According to just-released survey evidence, the demand for mobile data continues to rise unabated. Closely matching forecasts, mobile data traffic rose 26 percent between 2013 and 2014. Yet, as Americans consume more mobile data, the amount of radio spectrum to handle this increased demand has not been able to keep up. As a result of this looming spectrum exhaust, carriers are looking to upgrade technological capability to manage their networks more efficiently without resorting to raising prices. Given the significant benefits of licensed spectrum to the U.S. economy, however, why is the Obama administration making things worse by actively promoting policies that exacerbate spectrum exhaust?
Let's just take three examples:
First, after the voluntary incentive auction for broadcast spectrum required by the budget deal of the Middle Class Tax Relief and Jobs Creation Act of 2012 concludes sometime next year, there is nothing in the auction pipeline for commercial spectrum that can be used for mobile broadband. That's right: Nada. Bupkis. Zilch. Given the lack of an inventory of unassigned spectrum, adding spectrum for commercial sector requires taking it from federal agencies. The problem is that the President's Council of Advisors on Science and Technology wants to abandon future auctions — because "the clearing and reallocation of federal spectrum is not a sustainable basis due to the high cost, lengthy time to implement, and disruption to the [f]ederal mission" — in favor of a "sharing" model. This surprising turn of spectrum policy was based on the assumption that clearing and auctioning federal spectrum "will not result in significant net revenue to the government." Plainly, the $41 billion raised in the recent AWS-3 (Advanced Wireless Service) auction belies this assumption and, as such, should force a rethinking of the administration's policies.

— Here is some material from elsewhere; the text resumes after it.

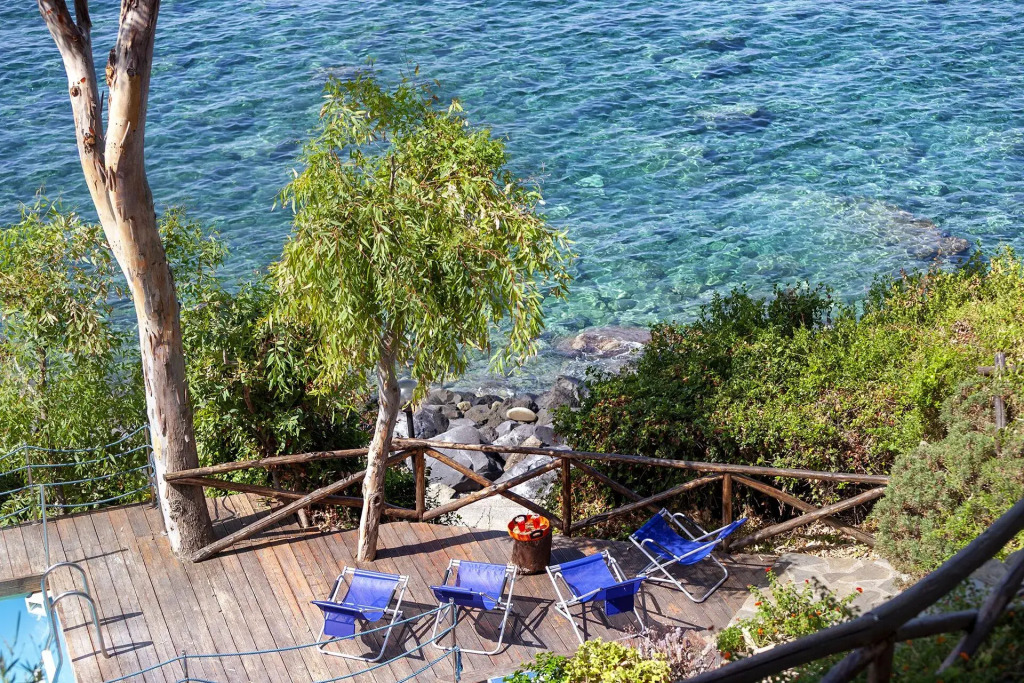 AMORE RENTALS - Villa Terri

Finally, but perhaps most egregiously, we have the Federal Communications Commission's (FCC) new 2015 net neutrality rules. By way of background, while mobile voice services were always subject to a light form of common carrier regulation under Title II of the Communications Act, for nearly two decades the FCC had a bipartisan approach to apply a "light touch" regulatory approach for mobile broadband under Title I of the Communications Act. This Title I authority, coupled with its plenary authority over mobile licenses under Title III of the act and the commission's backstop authority under Section 706, provided ample legal authority for the commission to oversee the industry.
Equally as important, noting that "existing mobile networks present operational constraints that fixed broadband networks do not typically encounter," the FCC had always recognized that it needed to treat wireless differently terms of net neutrality obligations. Former FCC Chairman Julius Genachowski understood the implications, so when the FCC issued its first set of net neutrality rules in 2010, the commission specifically declined to apply the same network rules to wireless broadband as the commission applied to the wireline side (although the commission applied the transparency requirement equally to both the mobile and wireline broadband industry).

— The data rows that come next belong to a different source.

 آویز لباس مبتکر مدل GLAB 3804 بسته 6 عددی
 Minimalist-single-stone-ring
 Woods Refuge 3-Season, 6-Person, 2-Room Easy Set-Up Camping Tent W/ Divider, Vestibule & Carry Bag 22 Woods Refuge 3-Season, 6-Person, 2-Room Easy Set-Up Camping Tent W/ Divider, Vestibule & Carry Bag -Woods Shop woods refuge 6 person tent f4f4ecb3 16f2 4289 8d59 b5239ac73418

With the FCC's recent second bite at the neutrality apple, we now find ourselves in a very different situation. Not only do the new FCC Open Internet rules subject wireless broadband providers to the same requirements as wireline providers, but the Obama administration went the extra step by reclassifying mobile broadband as a Title II common carrier service, thus subjecting the competitive mobile industry to a law designed for the old Ma Bell monopoly.
And guess what happened?
Almost immediately after the FCC's rules were published in the Federal Register and went into effect last month, Sprint announced — no doubt motivated by the FCC's concurrently announced plan to fine AT&T a staggering $100 million for allegedly failing to give adequate notice that it was going to throttle those who abuse "unlimited" mobile data plans — that it was going to stop congestion management techniques and, in turn, raise prices to curb demand.

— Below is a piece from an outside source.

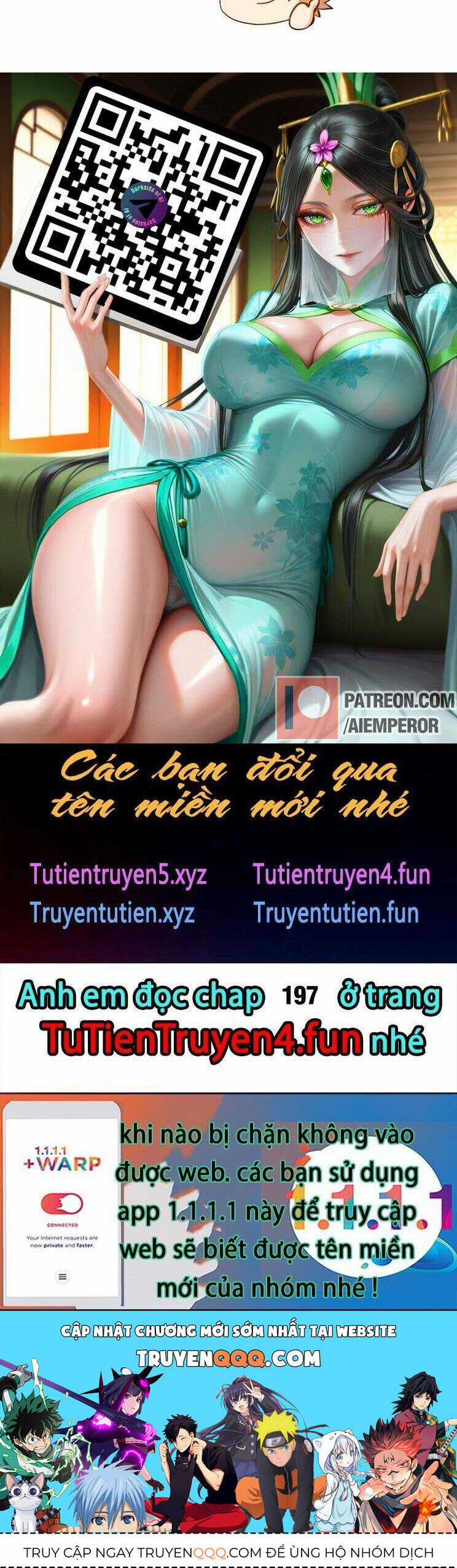 Đỉnh Cấp Khí Vận, Lặng Lẽ Tu Luyện Ngàn Năm Chương 240 trang 32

For those who care about good spectrum policy, these recent developments represent a cynical (and perhaps intended) consequence of an increasingly politically driven policy process. Like it or not, the federal government's failure to reallocate more spectrum to commercial providers and its alleged protection of consumers with poorly conceived net neutrality regulations forces providers to respond to demand with price changes. And when mobile broadband prices do rise, will the administration claim success? It won't, but it is to blame anyway; higher prices are the inevitable consequence of the administration's actions. Fortunately, the carriers will try to offset prices increases (their customers don't like them), but they must do so with their hands tied behind their backs.
Fantasy abounds is Washington. Unfortunately, the laws of economics are immutable. To quote a colleague, economics is an inoculation against wishful thinking. The Obama administration's spectrum policies, at present, point only to higher prices for mobile broadband services.
Consider yourself warned.
Spiwak is the president of the Phoenix Center for Advanced Legal & Economic Public Policy Studies, a nonprofit 501(c)(3) research organization that studies broad public-policy issues related to governance, social and economic conditions, with a particular emphasis on the law and economics of the digital age.